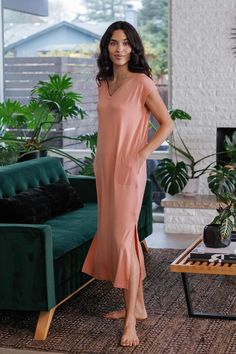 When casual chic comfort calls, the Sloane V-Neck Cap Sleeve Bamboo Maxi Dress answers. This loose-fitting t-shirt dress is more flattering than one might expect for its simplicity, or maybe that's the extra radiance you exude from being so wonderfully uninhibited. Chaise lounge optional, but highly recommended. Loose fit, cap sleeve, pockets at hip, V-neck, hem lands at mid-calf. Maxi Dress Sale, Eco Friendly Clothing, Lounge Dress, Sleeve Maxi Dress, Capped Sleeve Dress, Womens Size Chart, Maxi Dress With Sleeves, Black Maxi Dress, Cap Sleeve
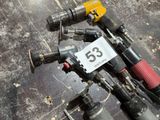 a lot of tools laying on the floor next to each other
━━━━
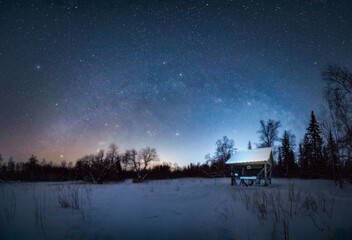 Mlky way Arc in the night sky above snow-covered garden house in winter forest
━━━━
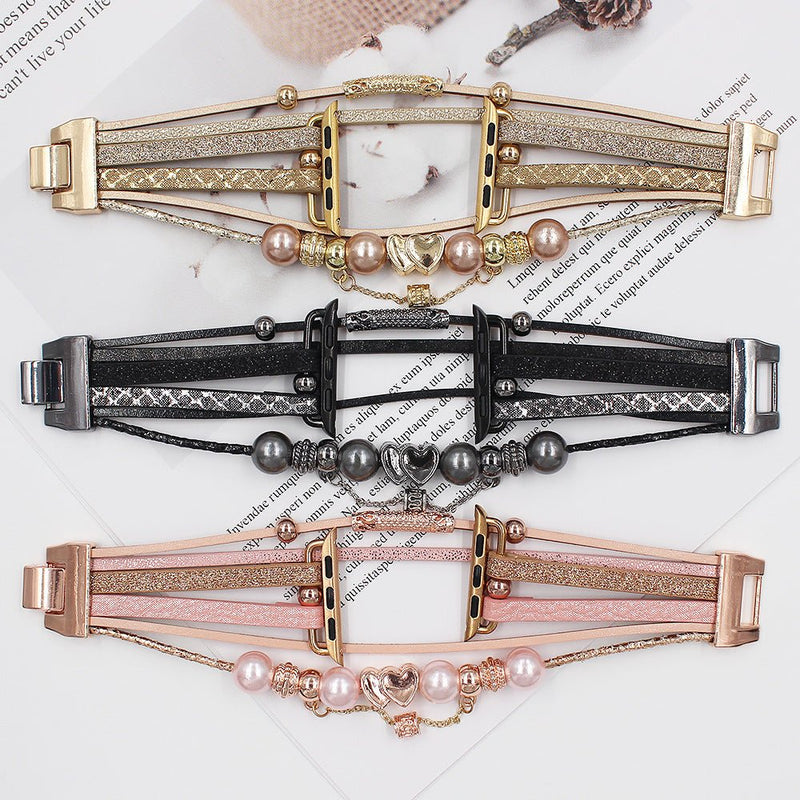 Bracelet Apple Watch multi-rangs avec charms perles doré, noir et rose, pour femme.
━━━━
• **WHAT YOU NEED TO DO**
From the records above, copy only the lines running from the line containing "When casual chic" to the line containing "a lot of tools", both ends included. Leave the pictures out.

• **RESPONSE AREA**
 When casual chic comfort calls, the Sloane V-Neck Cap Sleeve Bamboo Maxi Dress answers. This loose-fitting t-shirt dress is more flattering than one might expect for its simplicity, or maybe that's the extra radiance you exude from being so wonderfully uninhibited. Chaise lounge optional, but highly recommended. Loose fit, cap sleeve, pockets at hip, V-neck, hem lands at mid-calf. Maxi Dress Sale, Eco Friendly Clothing, Lounge Dress, Sleeve Maxi Dress, Capped Sleeve Dress, Womens Size Chart, Maxi Dress With Sleeves, Black Maxi Dress, Cap Sleeve
 a lot of tools laying on the floor next to each other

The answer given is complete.